Les hommes acceptent sans trop de difficulté qu'ils puissent être paresseux, menteurs, lâches ou jouisseurs, mais ils ont du mal, pour la plupart, à admettre qu'ils pourraient n'être pas intelligents. Et pourtant, rien n'est plus malaisé à cerner que la notion d'intelligence. Pour Manuel de Diéguez, elle ne mérite son nom que si elle est iconoclaste, impitoyable, acharnée à démythifier l'idolâtrie. Mais la clarté peut-elle rendre compte de tout?
Tahar Ben Jelloun ne le pense pas, qui présente un éloge de l'obscur. Ni Corinne Zylberberg, qui demande qu'on rende sa place à l'intuition.
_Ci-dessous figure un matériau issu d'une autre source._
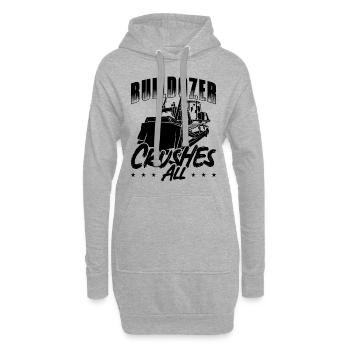 Ouvrier de la construction Pelle Bulldozer Idée cadeau - Sweat-shirt à capuche long Femme - gris chiné - Devant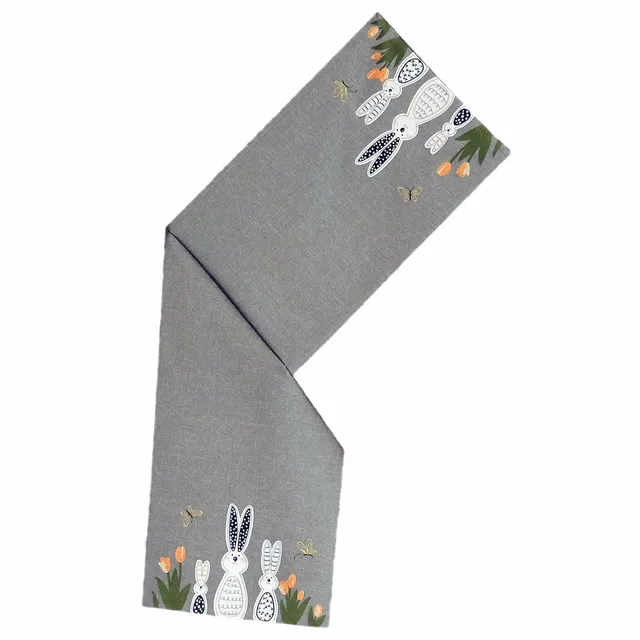 TEXPOT Tischläufer chemin de table 40x140 cm gris lapin de Pâques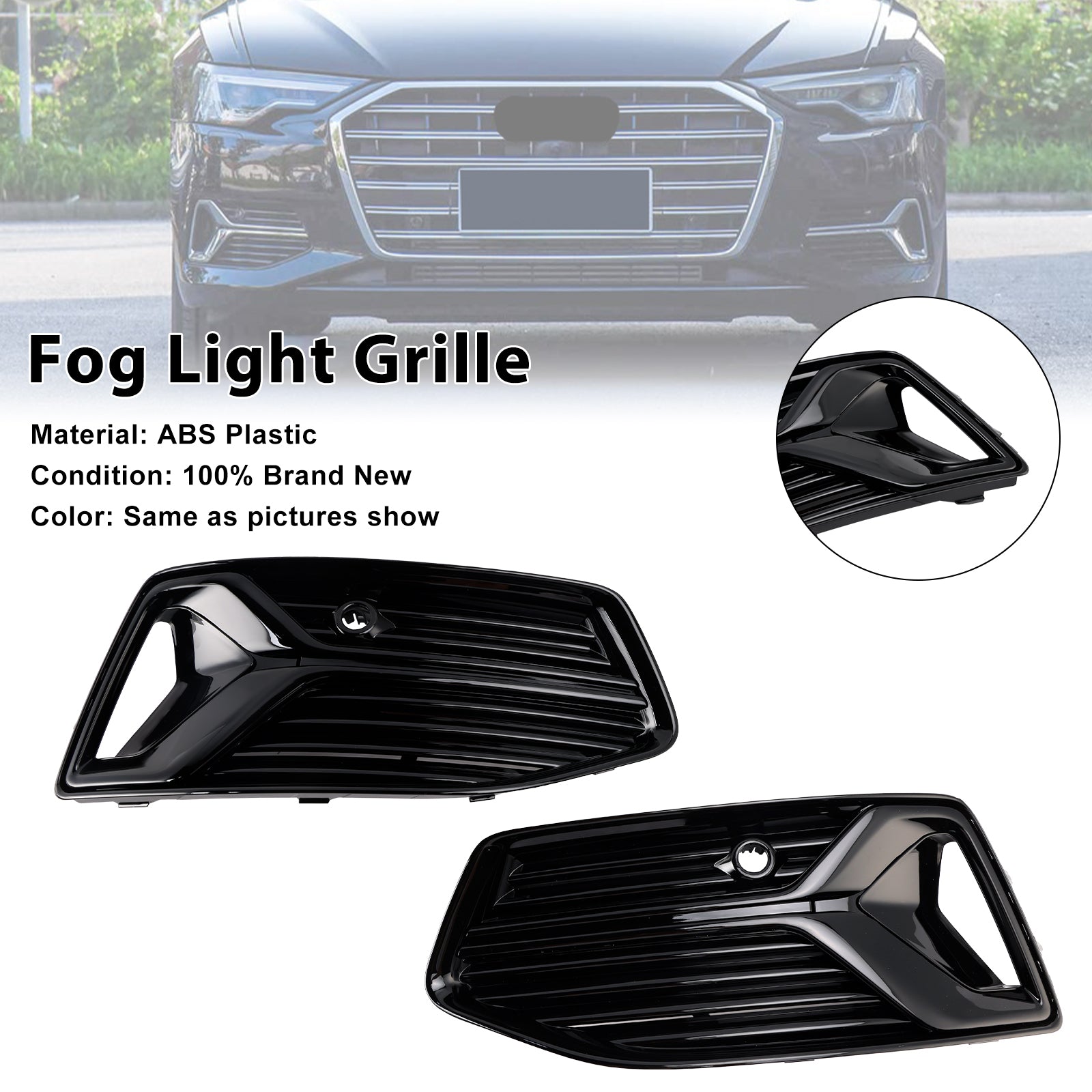 2019-2023 Audi A6 C8 2PCS Front Bumper Fog Capa Luz Grila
Ni Gabriel Matzneff pour qui l'intelligence de l'artiste est fondée sur l'intuition précisément, l'expérience et la sensibilité.
 

Fouailler les entrailles de la peur

par
MANUEL DE DIÉGUEZ

N'est-ce pas un spectacle extraordinaire que celui de la raison organisant l'offrande de l'univers à quelque totem central ? La philosophie entière est oblative - à quelque fétiche suprême - des sentiers conjoints de la pensée et du monde.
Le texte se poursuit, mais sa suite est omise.